Short web captions

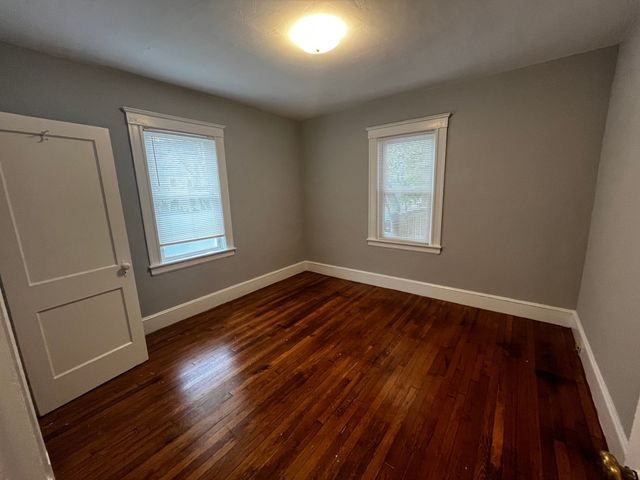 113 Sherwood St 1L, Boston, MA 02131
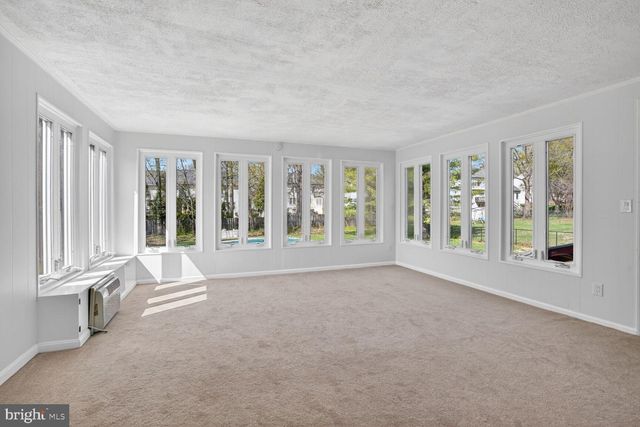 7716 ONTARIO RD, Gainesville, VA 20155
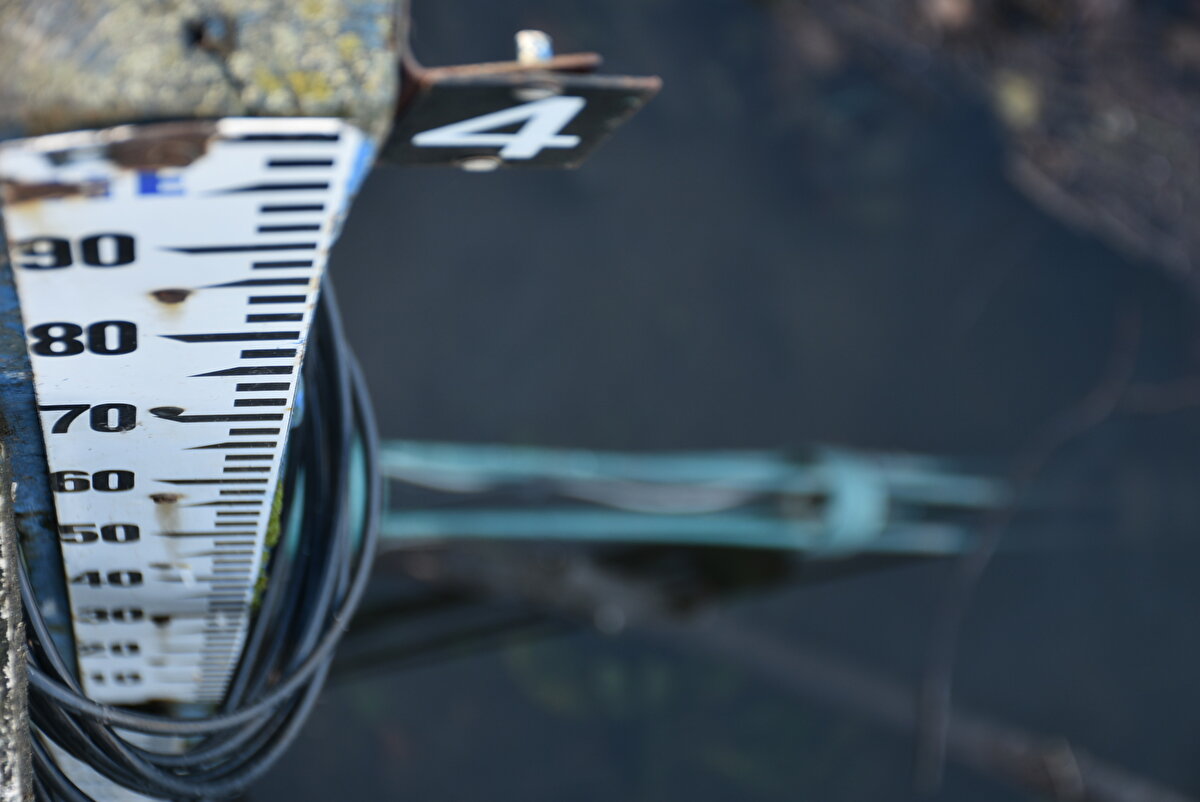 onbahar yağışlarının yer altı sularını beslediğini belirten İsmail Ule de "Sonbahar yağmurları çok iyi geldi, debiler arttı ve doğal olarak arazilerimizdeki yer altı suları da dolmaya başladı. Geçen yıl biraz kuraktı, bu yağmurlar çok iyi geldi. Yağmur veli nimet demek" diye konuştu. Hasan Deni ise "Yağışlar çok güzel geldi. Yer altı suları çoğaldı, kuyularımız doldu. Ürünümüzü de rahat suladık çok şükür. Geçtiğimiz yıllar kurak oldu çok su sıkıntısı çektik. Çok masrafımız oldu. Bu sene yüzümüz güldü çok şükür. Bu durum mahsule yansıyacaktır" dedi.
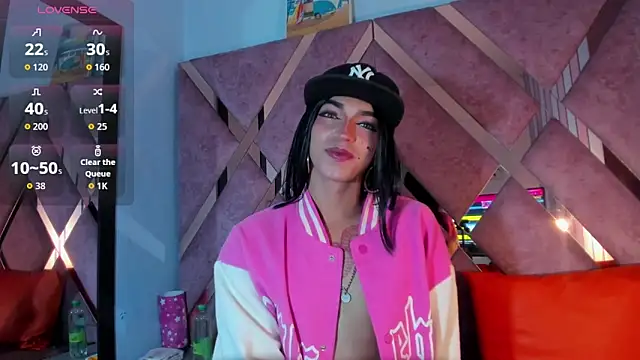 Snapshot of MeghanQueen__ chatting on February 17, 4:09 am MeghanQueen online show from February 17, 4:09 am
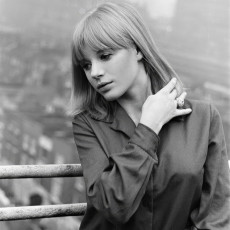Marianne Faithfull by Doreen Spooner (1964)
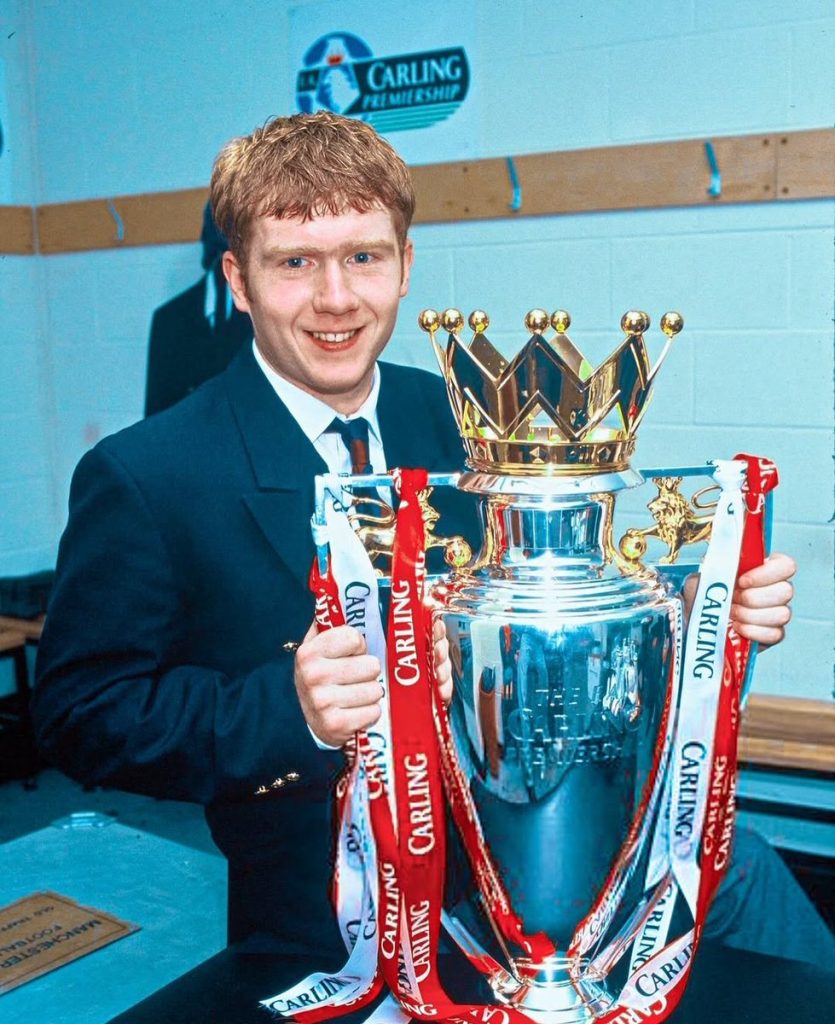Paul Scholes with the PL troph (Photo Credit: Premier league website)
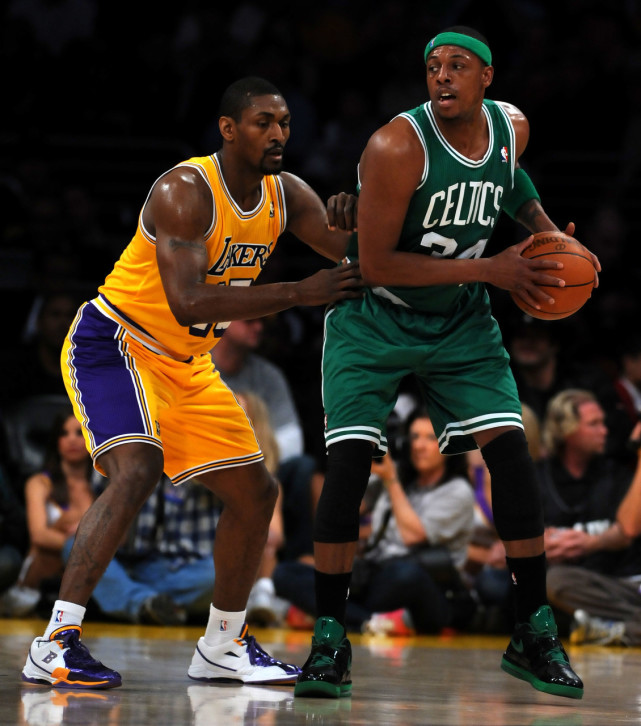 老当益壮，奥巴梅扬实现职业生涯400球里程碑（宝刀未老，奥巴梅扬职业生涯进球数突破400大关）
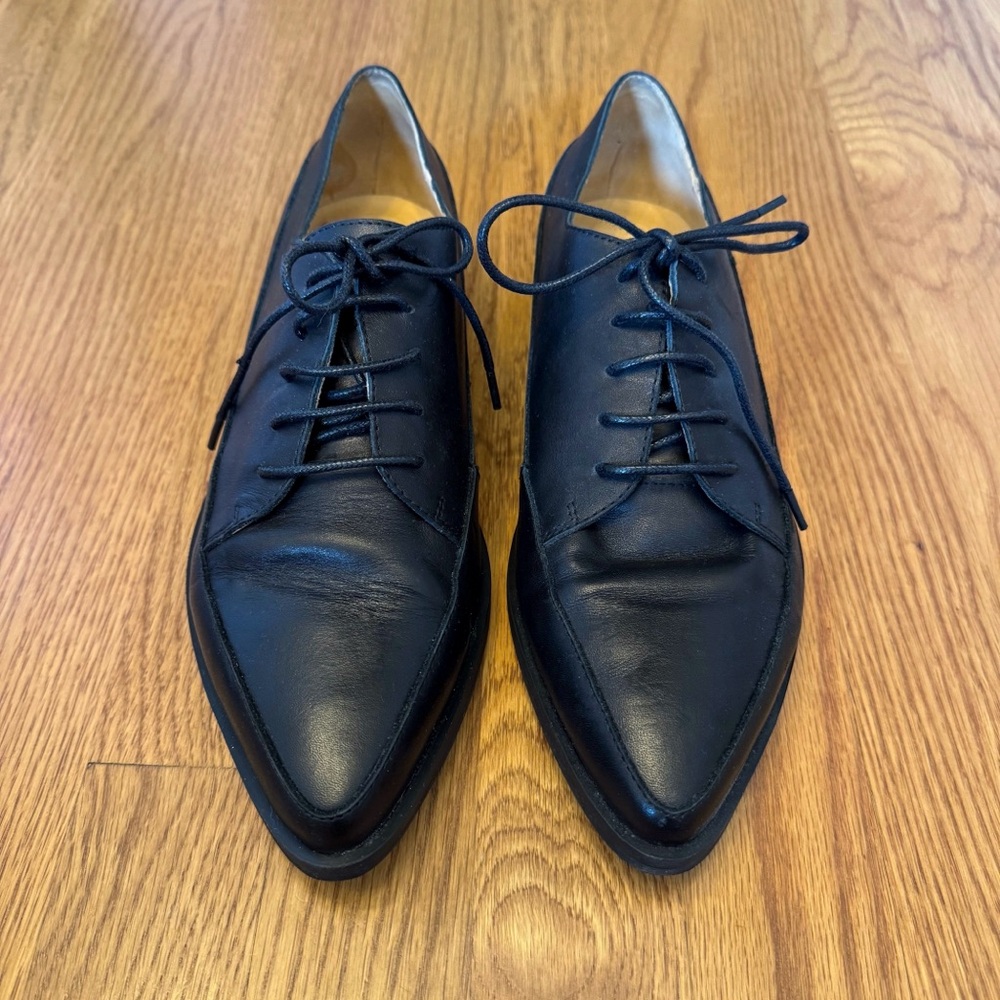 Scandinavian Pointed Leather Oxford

▶ _Exercise details_:
Among the entries above, take the line with "7716 ONTARIO RD, Gainesville, VA 20155", the line with "onbahar yağışlarının yer", and all the lines between them, and restate them word for word without pictures.

▶ _Output_:
 7716 ONTARIO RD, Gainesville, VA 20155
 onbahar yağışlarının yer altı sularını beslediğini belirten İsmail Ule de "Sonbahar yağmurları çok iyi geldi, debiler arttı ve doğal olarak arazilerimizdeki yer altı suları da dolmaya başladı. Geçen yıl biraz kuraktı, bu yağmurlar çok iyi geldi. Yağmur veli nimet demek" diye konuştu. Hasan Deni ise "Yağışlar çok güzel geldi. Yer altı suları çoğaldı, kuyularımız doldu. Ürünümüzü de rahat suladık çok şükür. Geçtiğimiz yıllar kurak oldu çok su sıkıntısı çektik. Çok masrafımız oldu. Bu sene yüzümüz güldü çok şükür. Bu durum mahsule yansıyacaktır" dedi.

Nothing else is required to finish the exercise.